When Bill Bryson wrote A Walk in the Woods his understated title referred to trekking in the Appalachian Mountains. However the first Rambling Club walk, a stroll through the forest, was just that. The forest was the New Forest in Hampshire and we began at Lyndhurst Heath near the hotel at Cadnam where we stayed. It was only three fairly easy miles, starting on open heathland with a single cow (an escapee?) and several ponies which would came right up to you. Once among trees navigation was difficult, but modern technology saw through to Beechen Lane and back to Lyndhurst. Presumably ‘beechen’ is the local plural of beech, as in children and oxen, and there were beech trees on both sides of the lane.
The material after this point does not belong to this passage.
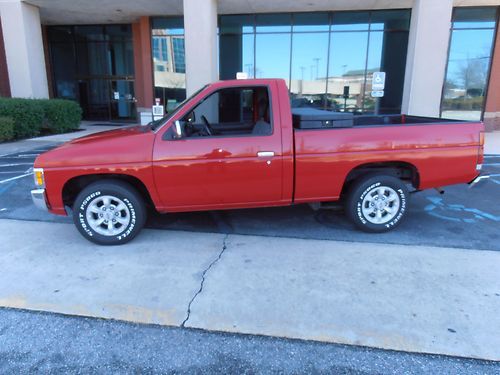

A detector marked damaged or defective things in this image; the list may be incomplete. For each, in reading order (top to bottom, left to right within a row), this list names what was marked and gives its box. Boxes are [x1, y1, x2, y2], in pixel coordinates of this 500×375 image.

crack in pavement [181, 234, 229, 328]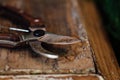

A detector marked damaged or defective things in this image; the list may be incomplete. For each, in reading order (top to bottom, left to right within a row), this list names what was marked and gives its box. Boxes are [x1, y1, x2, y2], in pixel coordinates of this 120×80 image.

The next day our fittest four accepted an invitation to join the New Forest Ramblers for a five–and–half mile ramble beginning at Millyford Bridge. Fearing I would merely stroll and hold up the others I was not one of the four. I understand there were some tricky paths with fallen trees to be negotiated, and the pace was brisk. I also didn’t take part in the slightly shorter ramble at Keyhaven by The Solent on a hot, sunny day. Those who were not taking part in any of the walks went to towns like Lymington where there are cobbled streets and the church has a huge gallery erected in 1798. There are attractive villages such as Minstead, gardens noted for azaleas and rhododendrons, Beaulieu Abbey and The National Motor Museum.
The final ramble began at Burley which seems to be a village obsessed by witches and things occult. I usually find something historical to write about when recording Old Askean rambles and this time it was a stone rather like a milestone but placed on the edge of the village in 1802. It reads ‘Peace restored 27th March 1802. Rest and be thankful’. This refers to the fourteen months of peace, agreed at the Treaty of Amiens, during the wars with Napoleonic France. The path took us along a disused railway track and through Holmsley Bog which fortunately lay below road level.
Blazers were worn for the last meal of the holiday and The Sandbin was sung more tunefully than in the recent past. Unfortunately there was no Welsh choir present to appreciate our efforts. Jenny set the quiz which was won by Ann Johnson (on her own she insisted).